Ritenuto che la Corte d'appello di Bologna, con ordinanza del 25 maggio 2001, ha sollevato, in riferimento all'art. 3 della Costituzione, questione di legittimità costituzionale della tabella A, allegata alla legge della Regione Emilia-Romagna 14 marzo 1984, n. 12 (Norme per l'assegnazione, la gestione, la revoca e la disciplina dei canoni degli alloggi di edilizia residenziale pubblica ai sensi dell'art. 2, comma 2, della legge 5 agosto 1978, n. 457, in attuazione dei criteri generali emanati dal CIPE con deliberazione del 19 novembre 1981), nella parte in cui, nel disciplinare i requisiti per l'assegnazione degli alloggi di edilizia residenziale pubblica, non prevede che il requisito della rendita catastale di cui alla lettera c) della tabella A, allegata alla legge regionale n. 12 del 1984, "si applichi anche alle unità immobiliari site nel comune di residenza e comuni contermini";

che, ad avviso del giudice a quo, la norma impugnata recherebbe vulnus all'art.3 della Costituzione, poichè realizzerebbe una disparità di trattamento tra situazioni omologhe, "potendosi pervenire al risultato che il possesso di una unità immobiliare avente identica rendita catastale comporti la decadenza dall'assegnazione dell'immobile di edilizia popolare se collocato in altro comune e non invece se collocato nello stesso comune o comune contermine";

che nel giudizio si é costituito il Comune di Parma, parte nel processo principale, il quale, nell'atto di costituzione e nella memoria depositata in prossimità dell'udienza pubblica, ha chiesto che venga dichiarata l'illegittimità costituzionale della disposizione censurata "per non aver esteso il criterio della rendita catastale come misuratore di ricchezza anche agli alloggi di edilizia residenziale pubblica siti nel comune di residenza o in comuni contermini".

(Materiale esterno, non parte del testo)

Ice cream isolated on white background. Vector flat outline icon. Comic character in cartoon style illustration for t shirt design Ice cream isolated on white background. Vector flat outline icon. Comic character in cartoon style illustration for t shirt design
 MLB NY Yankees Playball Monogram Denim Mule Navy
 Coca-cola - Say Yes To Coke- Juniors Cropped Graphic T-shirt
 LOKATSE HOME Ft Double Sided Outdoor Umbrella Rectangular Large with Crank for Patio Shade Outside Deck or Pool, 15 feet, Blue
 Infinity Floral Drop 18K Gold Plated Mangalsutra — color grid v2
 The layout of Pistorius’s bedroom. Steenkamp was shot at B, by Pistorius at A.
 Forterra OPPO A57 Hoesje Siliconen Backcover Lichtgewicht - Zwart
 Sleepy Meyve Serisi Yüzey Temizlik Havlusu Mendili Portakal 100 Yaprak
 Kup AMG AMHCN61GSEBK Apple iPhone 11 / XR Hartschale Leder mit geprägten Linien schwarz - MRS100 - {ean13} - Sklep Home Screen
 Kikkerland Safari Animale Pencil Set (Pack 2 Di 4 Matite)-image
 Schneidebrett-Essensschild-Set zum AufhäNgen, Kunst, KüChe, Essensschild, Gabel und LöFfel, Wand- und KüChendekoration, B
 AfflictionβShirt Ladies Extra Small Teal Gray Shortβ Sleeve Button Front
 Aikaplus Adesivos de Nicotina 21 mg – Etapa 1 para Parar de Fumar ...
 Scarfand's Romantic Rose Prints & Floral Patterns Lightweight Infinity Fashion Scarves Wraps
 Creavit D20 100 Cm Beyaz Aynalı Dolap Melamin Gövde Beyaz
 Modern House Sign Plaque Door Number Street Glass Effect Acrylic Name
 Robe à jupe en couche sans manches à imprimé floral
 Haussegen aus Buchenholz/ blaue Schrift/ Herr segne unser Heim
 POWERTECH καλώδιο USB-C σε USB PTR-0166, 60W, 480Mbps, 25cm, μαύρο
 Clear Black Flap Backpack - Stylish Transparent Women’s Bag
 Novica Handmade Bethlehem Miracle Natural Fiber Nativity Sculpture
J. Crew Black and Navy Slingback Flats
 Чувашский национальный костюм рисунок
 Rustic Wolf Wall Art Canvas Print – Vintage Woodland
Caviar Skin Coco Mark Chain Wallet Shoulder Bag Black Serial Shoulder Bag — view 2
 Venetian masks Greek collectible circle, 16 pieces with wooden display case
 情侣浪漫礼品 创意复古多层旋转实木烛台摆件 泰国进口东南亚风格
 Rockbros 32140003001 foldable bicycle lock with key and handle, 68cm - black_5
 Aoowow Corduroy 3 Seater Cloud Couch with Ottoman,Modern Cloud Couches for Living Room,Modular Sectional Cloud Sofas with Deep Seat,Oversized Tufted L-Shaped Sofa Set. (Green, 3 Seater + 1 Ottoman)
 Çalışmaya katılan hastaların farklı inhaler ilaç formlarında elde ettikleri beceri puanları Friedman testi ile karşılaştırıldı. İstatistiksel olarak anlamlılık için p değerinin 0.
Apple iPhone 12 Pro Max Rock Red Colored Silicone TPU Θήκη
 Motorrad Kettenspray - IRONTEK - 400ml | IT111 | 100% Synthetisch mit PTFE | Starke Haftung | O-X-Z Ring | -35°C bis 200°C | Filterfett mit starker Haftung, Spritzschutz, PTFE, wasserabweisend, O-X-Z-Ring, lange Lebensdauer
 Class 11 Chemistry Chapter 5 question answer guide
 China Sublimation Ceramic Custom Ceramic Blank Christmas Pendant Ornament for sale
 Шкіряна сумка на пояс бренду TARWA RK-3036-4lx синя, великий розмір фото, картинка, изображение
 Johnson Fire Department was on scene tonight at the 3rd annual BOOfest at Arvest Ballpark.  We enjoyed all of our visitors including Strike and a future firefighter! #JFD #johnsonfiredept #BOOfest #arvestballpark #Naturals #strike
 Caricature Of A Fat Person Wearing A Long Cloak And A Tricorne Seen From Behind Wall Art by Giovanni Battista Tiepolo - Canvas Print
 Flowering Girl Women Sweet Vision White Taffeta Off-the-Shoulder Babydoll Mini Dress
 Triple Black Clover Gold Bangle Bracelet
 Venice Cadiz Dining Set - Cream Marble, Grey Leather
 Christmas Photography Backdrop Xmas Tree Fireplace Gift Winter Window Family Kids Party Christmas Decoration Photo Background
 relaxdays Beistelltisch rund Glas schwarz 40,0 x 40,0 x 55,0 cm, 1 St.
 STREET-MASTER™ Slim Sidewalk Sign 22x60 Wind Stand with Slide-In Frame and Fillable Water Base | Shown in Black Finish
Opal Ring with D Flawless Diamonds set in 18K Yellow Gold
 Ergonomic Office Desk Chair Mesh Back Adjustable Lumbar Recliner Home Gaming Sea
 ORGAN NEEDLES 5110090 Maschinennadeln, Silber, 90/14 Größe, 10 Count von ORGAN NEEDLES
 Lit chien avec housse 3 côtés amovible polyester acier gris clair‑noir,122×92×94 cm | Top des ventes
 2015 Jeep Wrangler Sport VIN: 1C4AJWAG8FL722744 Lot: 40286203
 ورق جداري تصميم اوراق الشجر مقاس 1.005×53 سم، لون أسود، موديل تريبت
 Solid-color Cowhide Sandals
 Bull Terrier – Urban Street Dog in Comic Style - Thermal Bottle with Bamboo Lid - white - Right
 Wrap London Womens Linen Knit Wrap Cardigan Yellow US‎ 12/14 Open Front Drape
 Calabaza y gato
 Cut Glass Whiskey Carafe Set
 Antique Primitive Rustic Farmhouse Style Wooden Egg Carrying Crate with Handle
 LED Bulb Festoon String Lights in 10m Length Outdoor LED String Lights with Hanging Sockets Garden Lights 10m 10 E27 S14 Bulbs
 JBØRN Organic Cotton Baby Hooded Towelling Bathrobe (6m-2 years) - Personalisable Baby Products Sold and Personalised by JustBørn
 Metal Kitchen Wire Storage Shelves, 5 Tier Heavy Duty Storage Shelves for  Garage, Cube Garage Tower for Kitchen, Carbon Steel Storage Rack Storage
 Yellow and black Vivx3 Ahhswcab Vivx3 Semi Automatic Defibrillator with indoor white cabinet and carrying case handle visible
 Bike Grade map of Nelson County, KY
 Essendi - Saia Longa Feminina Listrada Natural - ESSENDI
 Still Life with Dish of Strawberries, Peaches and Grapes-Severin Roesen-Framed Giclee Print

Considerato che la Corte d'appello di Bologna dubita della legittimità costituzionale della tabella A, allegata alla legge della Regione Emilia-Romagna 14 marzo 1984, n. 12, nella parte in cui, nel disciplinare i requisiti per l'assegnazione degli alloggi di edilizia residenziale pubblica – in particolare la non titolarità di diritti reali su alloggi adeguati alle esigenze del nucleo familiare – non prevede che il requisito della rendita catastale riguardi anche le unità immobiliari site nel comune di residenza ed in comuni contermini, realizzando in tal modo una asserita disparità di trattamento tra situazioni omologhe, in quanto può accadere che il possesso di una unità immobiliare con identica rendita catastale determini la decadenza dall'assegnazione dell'immobile di edilizia residenziale pubblica a seconda che tale unità sia o meno ubicata in un comune diverso da quello ove é sito l'alloggio o ad esso contermine;

che, successivamente alla proposizione della questione di legittimità costituzionale, é entrata in vigore la legge della Regione Emilia-Romagna 8 agosto 2001, n. 24 (Disciplina generale dell'intervento pubblico nel settore abitativo), che ha espressamente abrogato la legge regionale n. 12 del 1984 (art. 59, comma 1, lettera h), recando altresì "norme transitorie in merito all'assegnazione degli alloggi di erp" (art. 53);

che le disposizioni sopravvenute all'ordinanza di rimessione hanno determinato un mutamento del complessivo quadro normativo, nel quale si inscrivono i profili della questione di legittimità costituzionale sollevata dalla Corte d'appello di Bologna, così da imporre il riesame da parte del giudice a quo della perdurante rilevanza della questione di legittimità costituzionale.

PER QUESTI MOTIVI

LA CORTE COSTITUZIONALE

ordina la restituzione degli atti alla Corte d'appello di Bologna.

Così deciso in Roma, nella sede della Corte costituzionale, Palazzo della Consulta, il 5 giugno 2002.

Cesare RUPERTO, Presidente

Piero Alberto CAPOTOSTI, Redattore

Depositata in Cancelleria il 14 giugno 2002.